Wow I was not aware of this. The original github issue:
> The Santa Hat on vscode insiders and pushing of religion is very offensive to me, additionally xmas has cost millions of Jews their lives over the centuries, yet even if that was not the case, pushing religious symbols as part of a product update is completely unacceptable. Please remove it immediately and make it your top priority. To me this is almost equally offensive as a swastika.
https://github.com/microsoft/vscode/issues/87268
I didn't know that Santa Claus was a religious symbol, I celebrate with Santa and I do not affiliate with any religion. But the status quo is to accommodate every single person. People believe they are entitled to it: "Make it your top priority" -- OK boss! There needs to be a balance. Complete stubbornness is not good. Bending over to every single request, regardless of its merit, is not good either.
Oh yeah, for sure. I worked my comment badly. I meant that right after the media publishes a story, corporations immediately feel threatened/called to action, and actually do what the mob tells them to do. Sometimes it doesn't even take a media article. Seriously, if you "@" any company now, ask why they haven't spoken about about x yet, wait and see how long it takes them to say something.
I'm surprised there hasn't been much mention (at least for US-based folks) of at-will employment. People are getting fired for old social media posts, but people get fired for all sorts of other stupid reasons: the boss was in a bad mood, you missed work to go vote (again, US-specific because elections days aren't holidays here), the bus was late.
Meanwhile, the EU has much stricter regulations regarding employment and the conditions under which employees can be let go.
It's because at-will employment isn't the problem unless your boss is unreasonable, and if your boss is unreasonable then you should celebrate the opportunity to collect unemployment while you find a new job instead of having to quit or continue working there in the meantime.
But canceling everybody is problematically increasing the number of unreasonable bosses.
It certainly depends on employee's financial and social circumstances and the industry specifics, but it still begs a question if it's worth working for an arrogant asshole that could fire someone for a over a bad mood. Even if there's a law that says that they can't, one must be in quite dire circumstances to cling to a job where they are mistreated.
This said, I totally recognize I'm quite privileged in regard that the industry I'm working in, where business tend to generally value people and such senseless human resource management is typically misaligned with both employee and employers goals (putting it simple, being an asshole doesn't bring any profits).
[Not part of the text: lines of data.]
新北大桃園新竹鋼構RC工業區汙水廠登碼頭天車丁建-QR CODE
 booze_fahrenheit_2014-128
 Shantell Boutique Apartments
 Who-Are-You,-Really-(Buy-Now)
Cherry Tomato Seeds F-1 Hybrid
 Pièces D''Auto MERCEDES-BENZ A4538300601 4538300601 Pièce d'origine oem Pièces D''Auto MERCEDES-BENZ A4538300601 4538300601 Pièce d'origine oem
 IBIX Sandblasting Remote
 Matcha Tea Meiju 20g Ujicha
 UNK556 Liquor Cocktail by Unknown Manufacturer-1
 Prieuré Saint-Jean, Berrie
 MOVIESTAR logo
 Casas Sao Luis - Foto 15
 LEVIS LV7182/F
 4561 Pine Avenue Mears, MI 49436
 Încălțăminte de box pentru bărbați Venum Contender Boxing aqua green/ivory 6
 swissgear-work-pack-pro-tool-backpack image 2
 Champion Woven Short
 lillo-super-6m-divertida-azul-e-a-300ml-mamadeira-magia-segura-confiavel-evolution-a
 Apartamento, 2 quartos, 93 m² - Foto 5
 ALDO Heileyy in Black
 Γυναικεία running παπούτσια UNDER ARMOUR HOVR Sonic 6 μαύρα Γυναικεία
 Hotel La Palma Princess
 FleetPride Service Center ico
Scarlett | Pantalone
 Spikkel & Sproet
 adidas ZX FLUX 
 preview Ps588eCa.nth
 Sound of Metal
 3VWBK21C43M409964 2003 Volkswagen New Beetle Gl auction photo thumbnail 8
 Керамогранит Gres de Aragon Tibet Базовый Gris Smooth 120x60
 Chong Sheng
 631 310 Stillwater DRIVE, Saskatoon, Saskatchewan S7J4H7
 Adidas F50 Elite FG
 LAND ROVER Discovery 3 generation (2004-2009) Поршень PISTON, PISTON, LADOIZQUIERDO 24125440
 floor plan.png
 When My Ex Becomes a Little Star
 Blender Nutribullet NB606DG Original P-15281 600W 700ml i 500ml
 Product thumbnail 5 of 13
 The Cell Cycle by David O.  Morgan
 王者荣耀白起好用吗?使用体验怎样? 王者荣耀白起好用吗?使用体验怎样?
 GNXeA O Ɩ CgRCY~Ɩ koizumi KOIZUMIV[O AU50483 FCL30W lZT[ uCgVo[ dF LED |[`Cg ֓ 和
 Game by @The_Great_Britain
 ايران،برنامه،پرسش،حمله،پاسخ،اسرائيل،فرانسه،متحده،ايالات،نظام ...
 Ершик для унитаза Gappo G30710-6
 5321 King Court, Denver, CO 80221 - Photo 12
In such circumstances, my personal perception of at-will employment is positive - it makes sense to me that we (employee and employer) cooperate because we like each other, and there's nothing that binds us but our will for a mutually beneficial relationship.
Yet, unfortunately, I know this is not the case for many people but I have no idea what could to be done to fix this. But I suspect that legal protections that prevent firing people at-will are not helping the core issue here.
>Meanwhile, the EU has much stricter regulations regarding employment and the conditions under which employees can be let go.
Also much stricter regulations and norms around when you can leave. In the US, two weeks notice is customary but not legally required in the EU its often a three month contractual obligation. I can't help but think that may contribute to the generally lower salaries in the EU vs the US.
There are good arguments in favor of taking away section 230 immunity and probably better arguments against it, but the best possible argument for getting rid of the immunity is to get rid of social media forever regardless of the other consequences.
> The more I see these stories and see how social media has shaped and is shaping the 21st century, the more I wish it was never created.
I don't see how you can come to this conclusion when in the preceding paragraph you accurately portray the mainstream media as the actual manipulators. The media loves to televise drama, it's what sells. When there's no actual drama to be had, they manufacture it by highlight nonsense on social media or other means.
It's all so contrived now. "X say Y on Twitter! Here's a 5 minute diatribe about why that's outrageous with sarcastic analogies and something about true <insert country> values!"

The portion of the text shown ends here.